While each of the existing data formats excel at its original designed workload, we need a new data format to tailored for multistage ML development cycle to reduce the fraction in tools and data silos.
A comparison of different data formats in each stage of ML development cycle.

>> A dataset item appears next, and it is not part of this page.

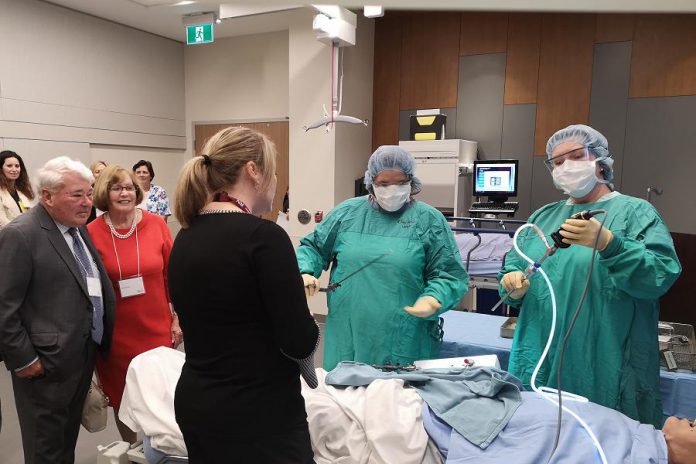 Donors Martin and Denise Pick (left) watch a demonstration in the clinical training room at the new Martin and Denise Pick Learning Centre at Peterborough Regional Health Centre on May 14, 2019 with nurse educator Christine Emrich (back to the camera), with  other community donors and PRHC staff.  (Photo: Natasha Roulston / Peterborough Regional Health Centre)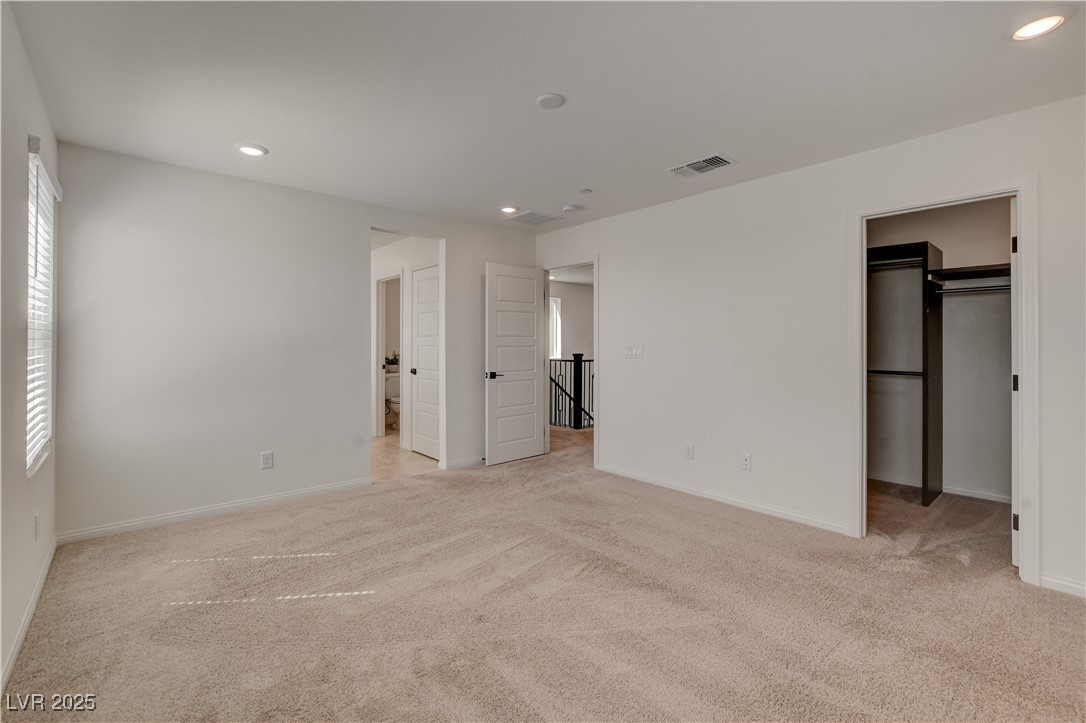 5406 Zacatin Court Las Vegas, NV 89166 - Photo 12 of 23 Unfurnished bedroom with baseboards, visible vents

Lance | Parquet & ORC | JSON & XML | Tfrecord | Database | Warehouse | |
---|---|---|---|---|---|---|
Analytics | Fast | Fast | Slow | Slow | Decent | Fast |
Feature Engineering | Fast | Fast | Decent | Slow | Decent | Good |
Training | Fast | Decent | Slow | Fast | N/A | N/A |
Exploration | Fast | Slow | Fast | Slow | Fast | Decent |
Infra Support | Rich | Rich | Decent | Limited | Rich | Rich |
- Lance: A New Columnar Data Format, Scipy 2022, Austin, TX. July, 2022.